* EXERCISE PROMPT
In your copy of the records, include every word exactly and no pictures.

Dataset excerpts:
■ ■ ■
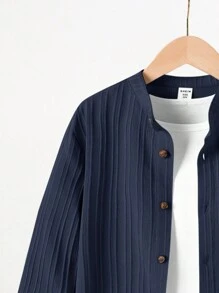 Tween Boy Textured Ribbed Collar Flap Pocket Long Sleeve Shirt, Autumn - Navy Blue - View 4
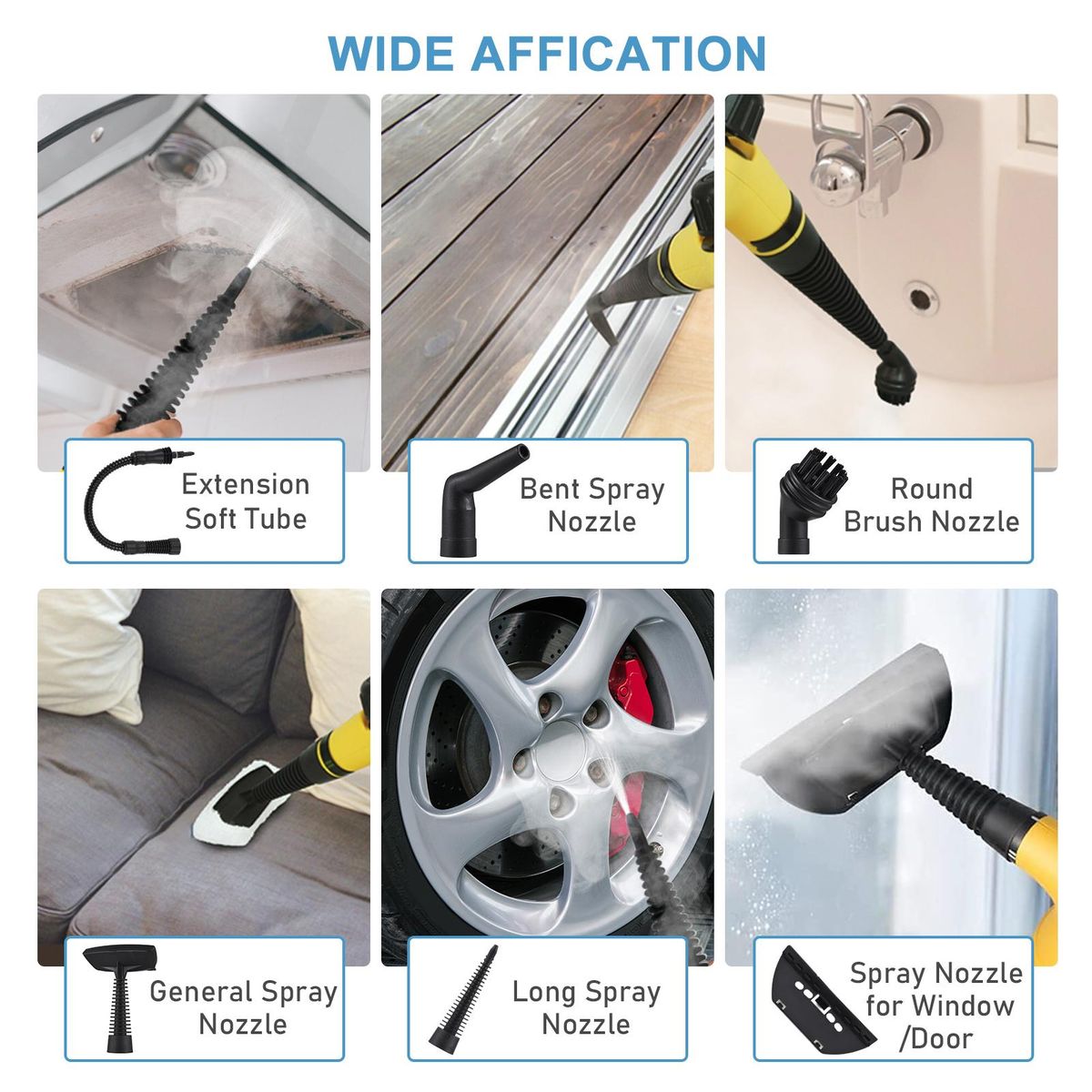 Handheld Steam Cleaner 1000W Portable High Temperature Pressurized Steam Cleaning Machine with 10PCS Accessory for Kitchen Sofa Bathroom Car Window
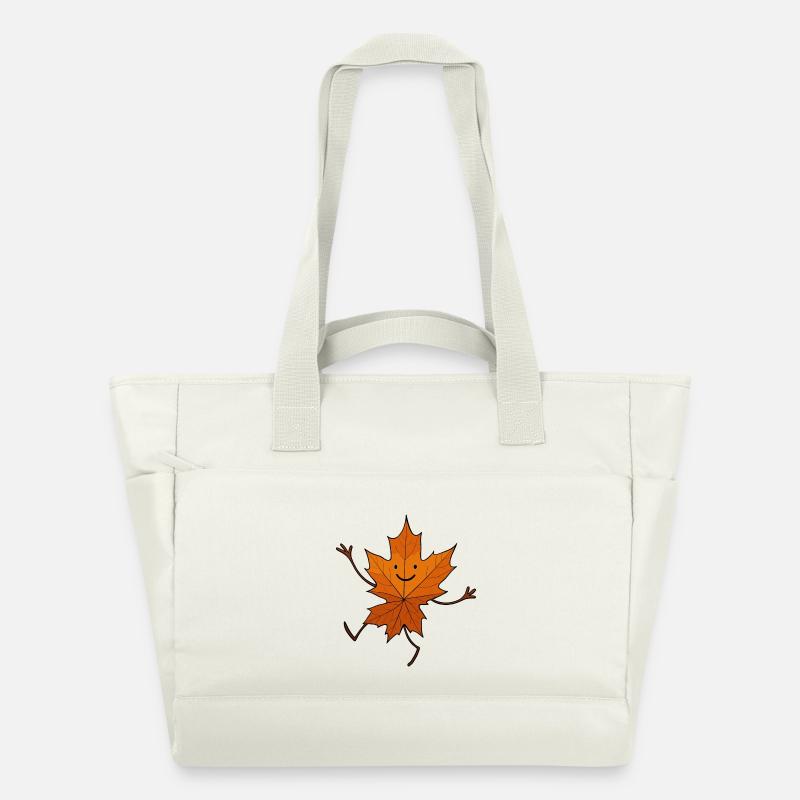 Bande dessinée feuille Dancing Forêt Automne Érable - Sac matelassé déperlant - blanc nature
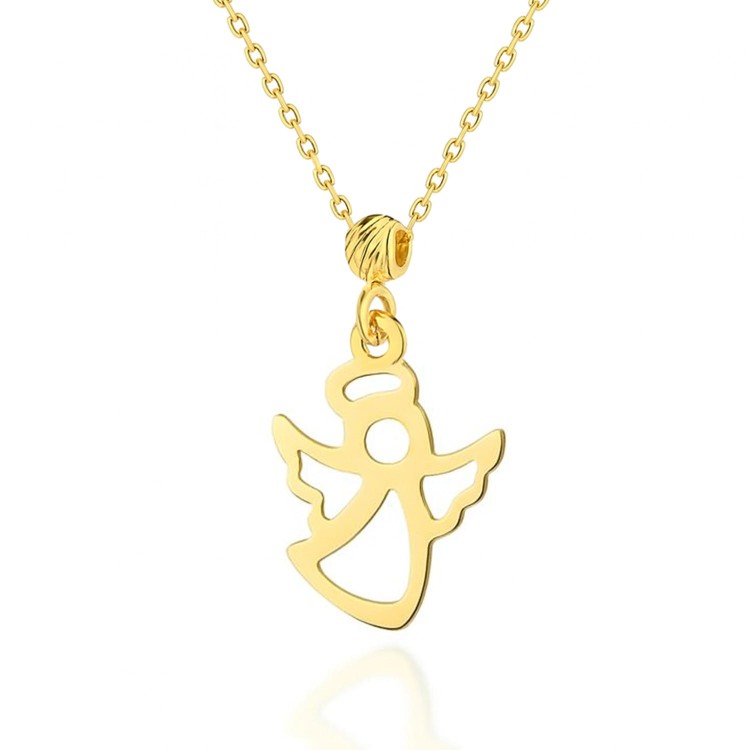 Naszyjnik Aniołek z Diamentowaną Kulką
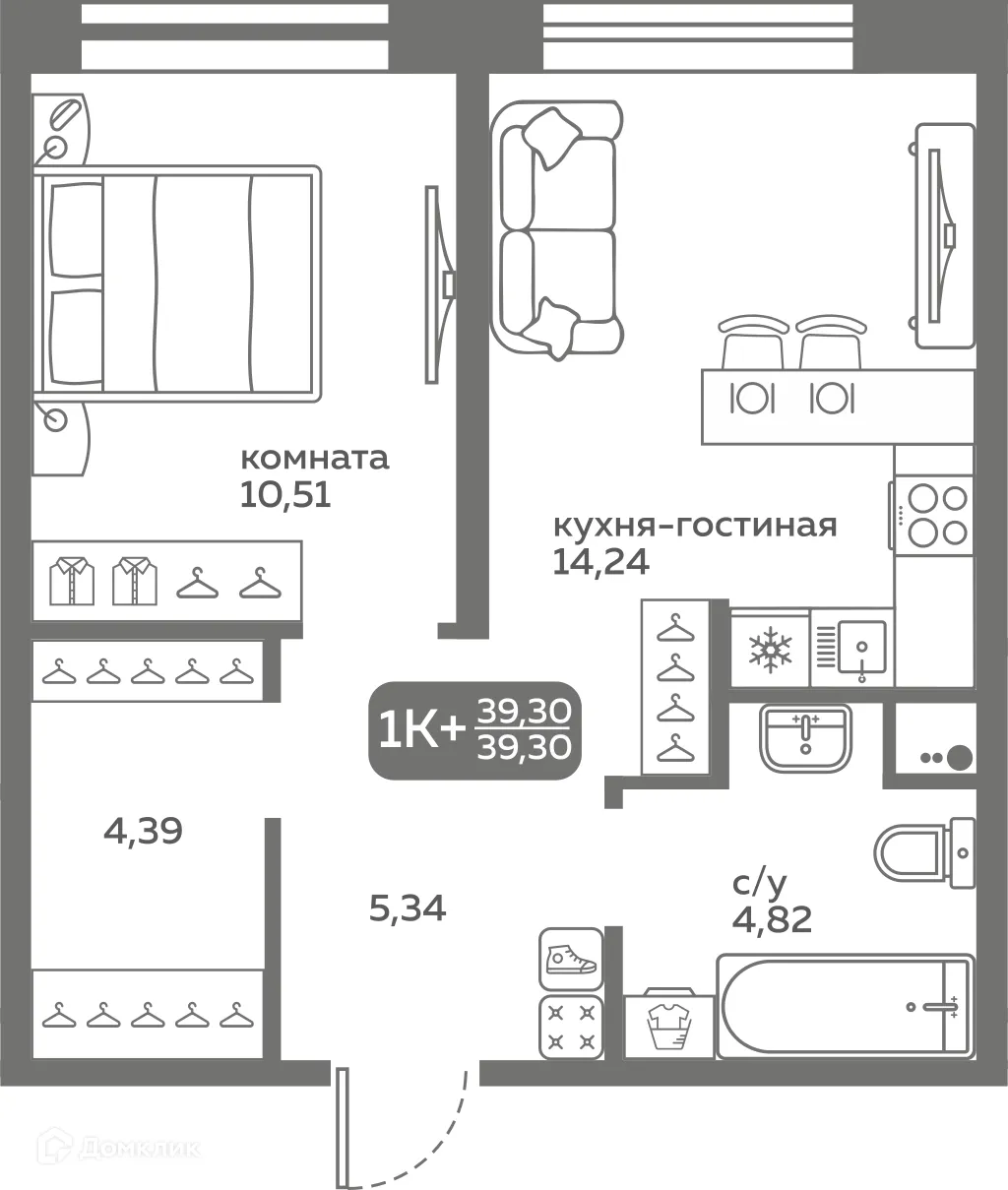 Фото квартиры в ЖК Меридиан Слобода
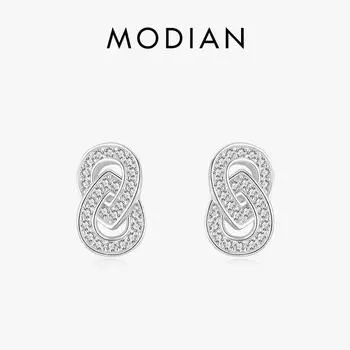 Modian сверкающие двойные круглые заколки для ушей классические серьги-гвоздики из стерлингового серебра 925 пробы для женщин свадебные эффектные ювелирные изделия Brincos серебряный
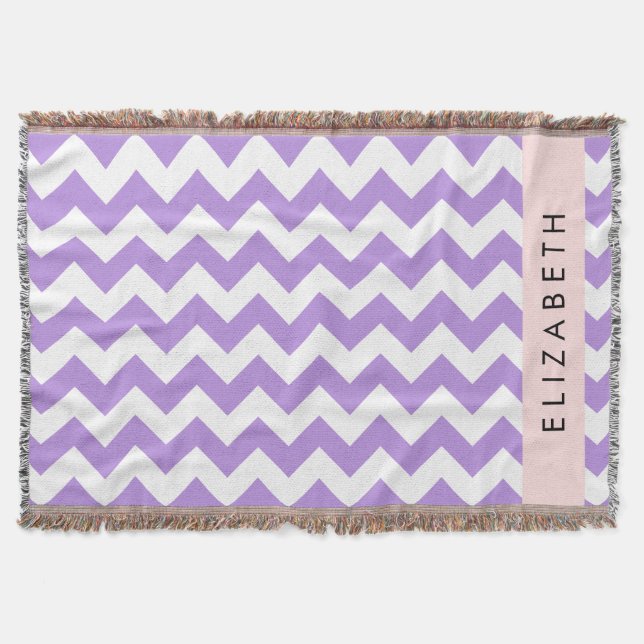 Cobertor Zigzag Roxo, Chevron Roxo, Seu Nome (Frente)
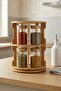 10-Piece 2-Tier Bamboo Rotating Glass Spice Rack Set - Spice Rack Set with Rotating Stand and Bamboo Lid - 4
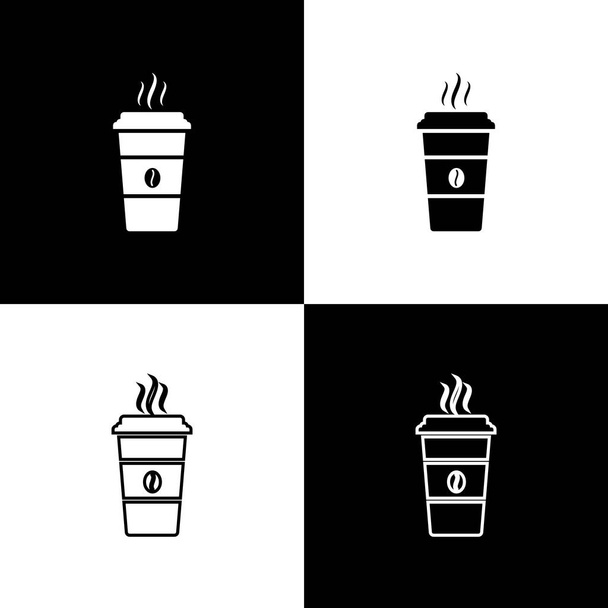 Set Coffee cup icons isolated on black and white background. Disposable coffee cup with hot coffee. Line, outline and linear icon. Vector Illustration - Vektor, kép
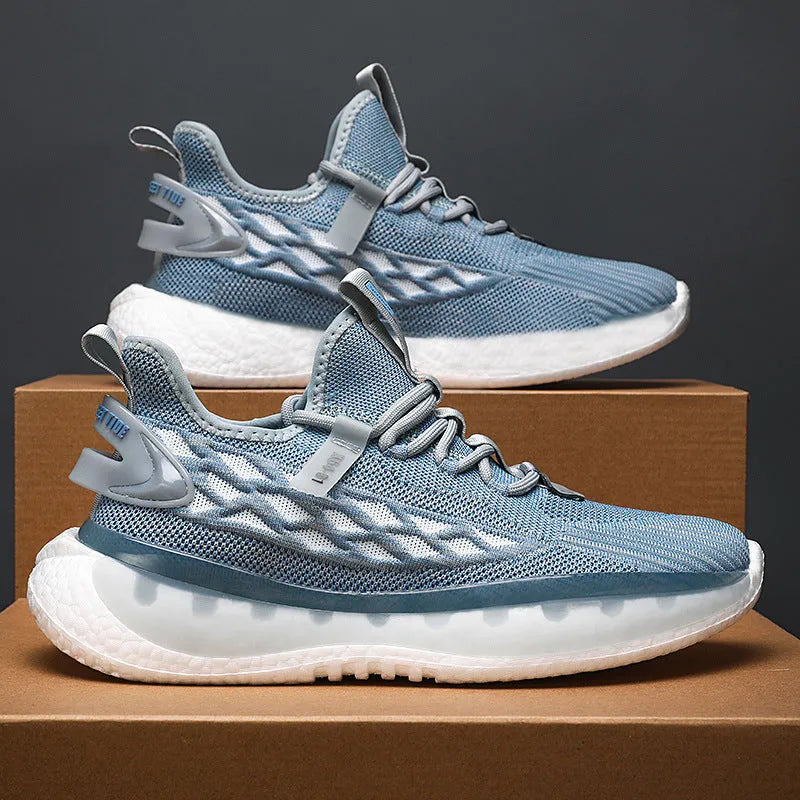Men's white mesh platform sneakers with flat heel and lace-up front closure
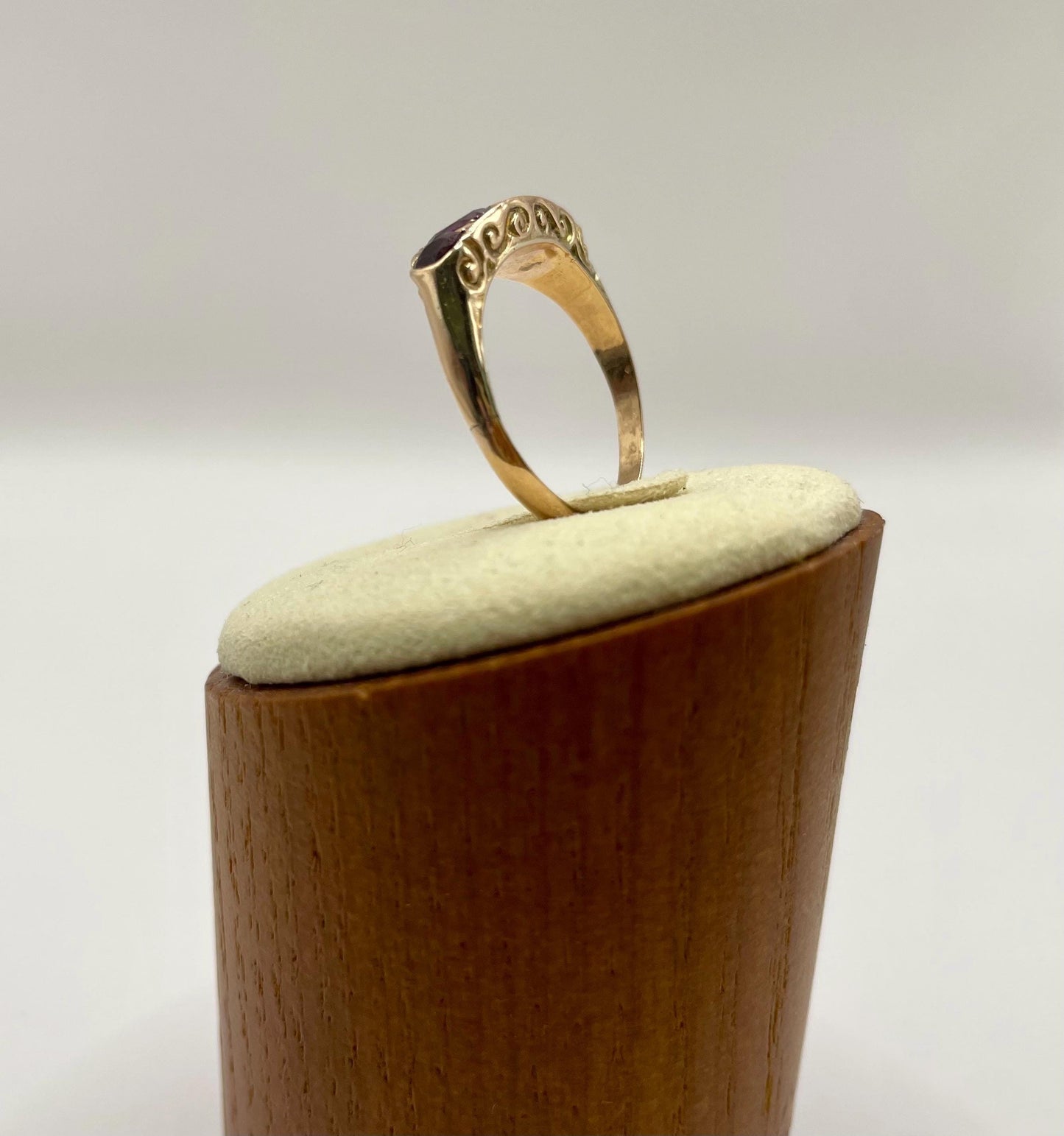 The Rose ~ Antique Edwardian Era Ruby Five Stone Half Hoop Scroll Gallery Ring, Victorian Style, 9 carat gold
■ ■ ■
* ANSWER BOX
 Tween Boy Textured Ribbed Collar Flap Pocket Long Sleeve Shirt, Autumn - Navy Blue - View 4
 Handheld Steam Cleaner 1000W Portable High Temperature Pressurized Steam Cleaning Machine with 10PCS Accessory for Kitchen Sofa Bathroom Car Window
 Bande dessinée feuille Dancing Forêt Automne Érable - Sac matelassé déperlant - blanc nature
 Naszyjnik Aniołek z Diamentowaną Kulką
 Фото квартиры в ЖК Меридиан Слобода
 Modian сверкающие двойные круглые заколки для ушей классические серьги-гвоздики из стерлингового серебра 925 пробы для женщин свадебные эффектные ювелирные изделия Brincos серебряный
 Cobertor Zigzag Roxo, Chevron Roxo, Seu Nome (Frente)
 10-Piece 2-Tier Bamboo Rotating Glass Spice Rack Set - Spice Rack Set with Rotating Stand and Bamboo Lid - 4
 Set Coffee cup icons isolated on black and white background. Disposable coffee cup with hot coffee. Line, outline and linear icon. Vector Illustration - Vektor, kép
Men's white mesh platform sneakers with flat heel and lace-up front closure
 The Rose ~ Antique Edwardian Era Ruby Five Stone Half Hoop Scroll Gallery Ring, Victorian Style, 9 carat gold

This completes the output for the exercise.